** Goal of the exercise **
Would you write out the entries below word for word, omitting the pictures?

** Entries provided **
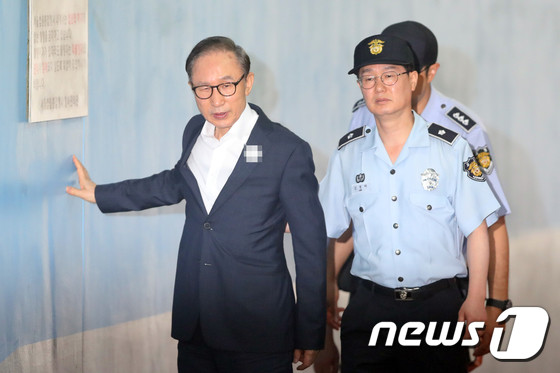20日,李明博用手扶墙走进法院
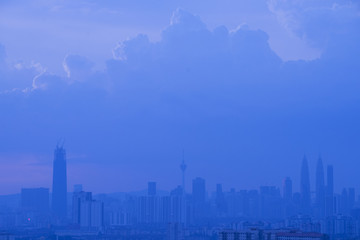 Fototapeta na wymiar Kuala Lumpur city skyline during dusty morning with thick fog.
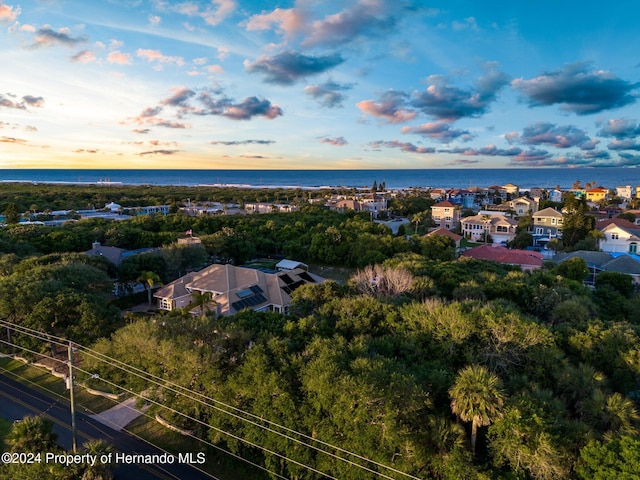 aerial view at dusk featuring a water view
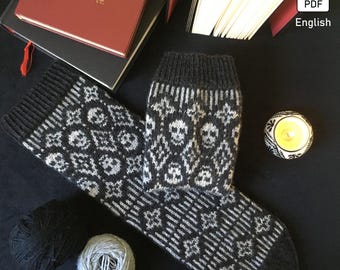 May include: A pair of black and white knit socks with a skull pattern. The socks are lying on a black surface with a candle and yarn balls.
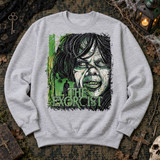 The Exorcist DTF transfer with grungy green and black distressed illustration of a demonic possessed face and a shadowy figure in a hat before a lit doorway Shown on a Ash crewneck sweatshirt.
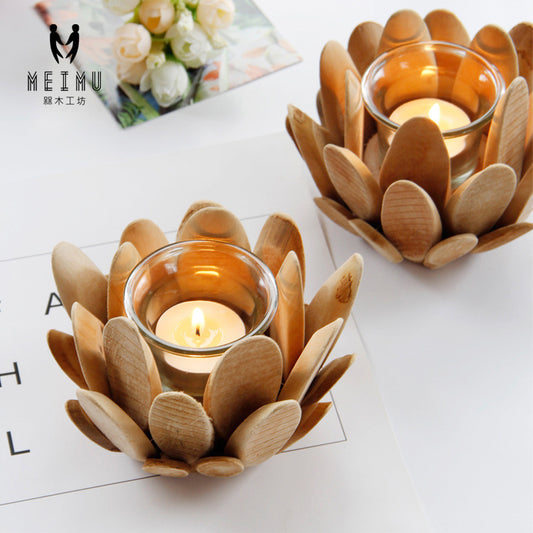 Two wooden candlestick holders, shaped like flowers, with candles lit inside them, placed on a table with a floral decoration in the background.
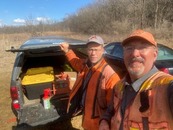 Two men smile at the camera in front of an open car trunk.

** Solution for this problem **
20日,李明博用手扶墙走进法院
 Fototapeta na wymiar Kuala Lumpur city skyline during dusty morning with thick fog.
 aerial view at dusk featuring a water view
 May include: A pair of black and white knit socks with a skull pattern. The socks are lying on a black surface with a candle and yarn balls.
 The Exorcist DTF transfer with grungy green and black distressed illustration of a demonic possessed face and a shadowy figure in a hat before a lit doorway Shown on a Ash crewneck sweatshirt.
 Two wooden candlestick holders, shaped like flowers, with candles lit inside them, placed on a table with a floral decoration in the background.
 Two men smile at the camera in front of an open car trunk.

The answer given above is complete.